Attorney General William Barr said in a joint statement with Fiscalía General of Mexico Alejandro Gertz Manero that the DOJ would seek to have charges against Cienfuegos dismissed after Mexico opened its own investigation. Mexico did not commit to charging him upon completion of its probe.
“In recognition of the strong law enforcement partnership between Mexico and the United States, and in the interests of demonstrating our united front against all forms of criminality, the U.S. Department of Justice has made the decision to seek dismissal of the U.S. criminal charges against former Secretary Cienfuegos, so that he may be investigated and, if appropriate, charged, under Mexican law,” they said.
“At the request of the Fiscalía General de la República, the U.S. Department of Justice, under the Treaty that governs the sharing of evidence, has provided Mexico evidence in this case and commits to continued cooperation, within that framework, to support the investigation by Mexican authorities.”
The DOJ’s move comes just over a month after Cienfuegos, who was secretary of Defense for Mexico between 2012 and 2018, was arrested on a warrant from the Drug Enforcement Agency (DEA) after arriving at Los Angeles International Airport.
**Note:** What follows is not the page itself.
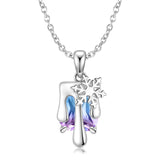 Snow Necklace Sparkle Pendant 925 Sterling Silver Women Necklace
He had been indicted by the Eastern District of New York on four counts of drug trafficking and money laundering, and he pleaded not guilty to charges this month that he aided the H-2 cartel.
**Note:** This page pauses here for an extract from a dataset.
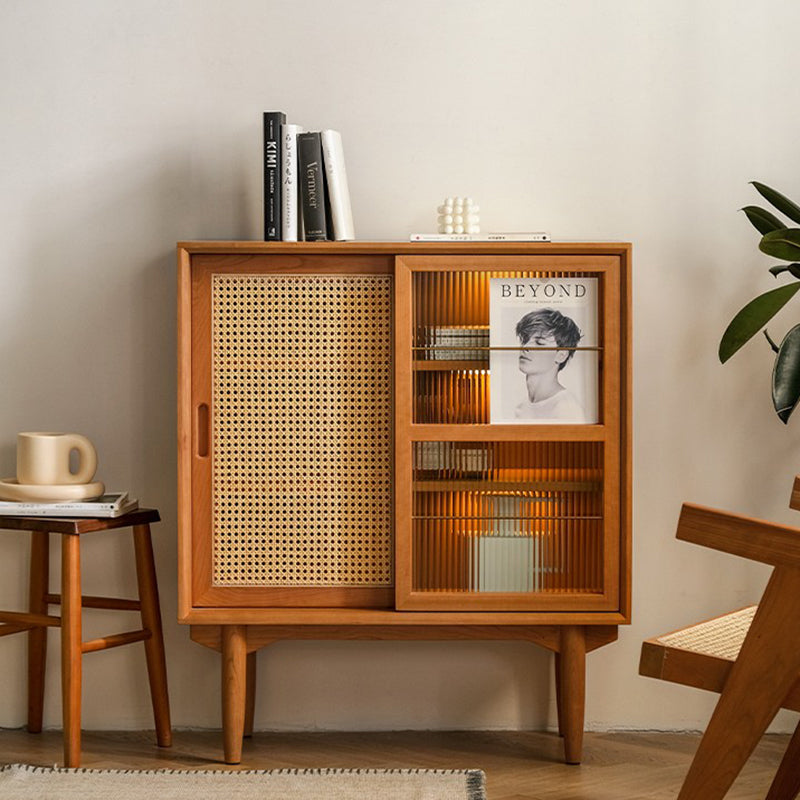 Elegant Traditional Japanese Rectangular Pine Solid Wood Sideboard with Rattan Weaving, Multi-Layer Board, 3/4-Cabinet – Perfect for Living Room & Dining Room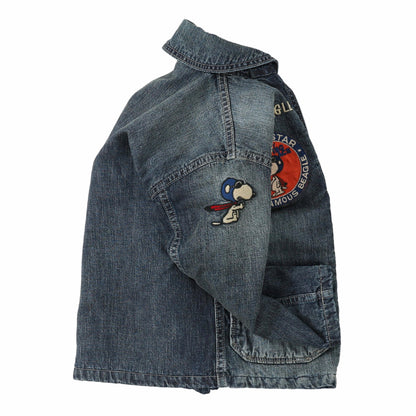 儿童藏蓝色史努比牛仔夹克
The arrest marked the rare detention of a such a highly ranked member of the Mexican military, particularly given Cienfuegos’s critical role in establishing closer ties between the Pentagon and the Mexican defense secretariat. However, the Mexican Army’s operation in the drug war has resulted in a department riddled with corruption.
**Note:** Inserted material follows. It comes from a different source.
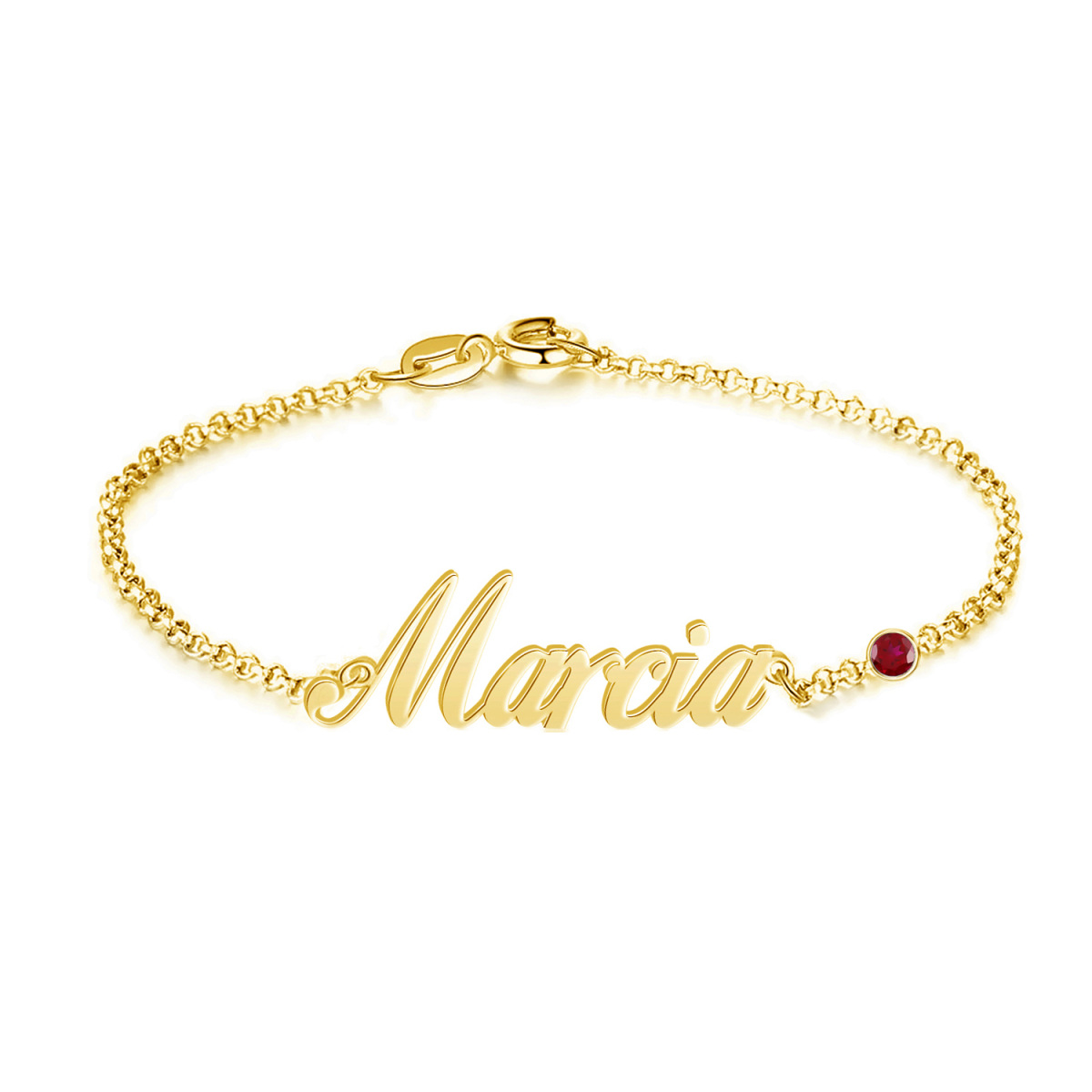 10K Gold Cubic Zirconia Personalized Birthstone & Classic Name Bracelet-1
“I always said it was not just a crisis, but a decadence, what was happening. A process of progressive degradation, and we are now seeing the depth of this decomposition,” then-incoming President Andrés Manuel López Obrador said at the time of the arrest.
The DOJ’s decision to drop charges against Cienfuegos is likely to please Mexican officials who said the detention was a drastic overstep by the U.S. Public opinion has also swung to Cienfuegos’s side since his arrest.
Both Barr and Gertz Manero indicated they hoped the announcement would put any division fueled by the arrest behind the two nations.
“Our two countries remain committed to cooperation on this matter, as well as all our bilateral law enforcement cooperation,” they said. “As the decision today reflects, we are stronger when we work together and respect the sovereignty of our nations and their institutions. This close partnership increases the security of the citizens of both our countries.”